Source Code Review

For embedded code developers, Riscure Source Code Review is one of the most effective ways to identify and remediate security-relevant logical issues in your firmware using a white-box approach. This service is offered for the source code in any programming language and offers you a unique insight into the security state of your software solution. Please select the options in the form below and feel free to get in touch with us, should you have any questions.

What do you get?

Riscure delivers security with business needs in mind by taking a risk-based approach while still identifying a level of assurance on the quality of the code. Riscure Source Code Review is aimed towards security-relevant features, ranging from memory corruption issues, to race conditions, and incorrect input sanitation.

The source code review will result in a list of findings, which will give an indication of the security robustness of the code. It will allow you to develop fixes or mitigations to the found issues. Different options are available to tailor the deliverable to your needs.

Why Riscure?

Riscure differentiates itself from other labs with its extensive knowledge of embedded and chipset security and by performing thorough and innovative security evaluations in an efficient manner.
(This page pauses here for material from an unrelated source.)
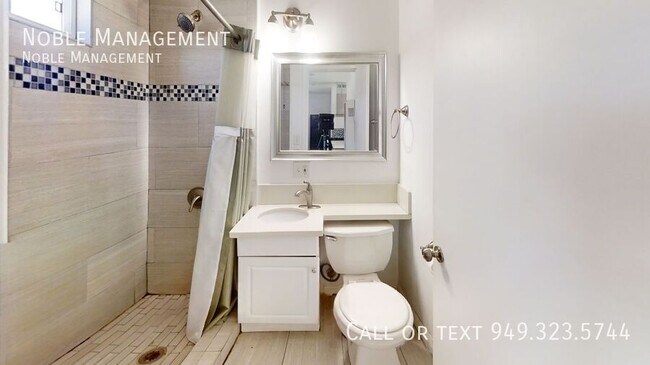 Foto del edificio - 3629 1/2 Marmion Way-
Based on the effectiveness of our service, customers frequently come back to us to build a long-term relationship. We exceed customer expectations by offering extensive expertise in hardware and software security, advanced hardware and software penetration testing skills and state-of-the-art security test tools.

Our Approach

We perform a targeted manual source code review focusing on the most common vulnerabilities and easiest attack paths first. We typically analyze the software for memory corruptions, sensitive information leakage, synchronization and state issues, logical errors in security critical components, HW and SW configuration issues etc.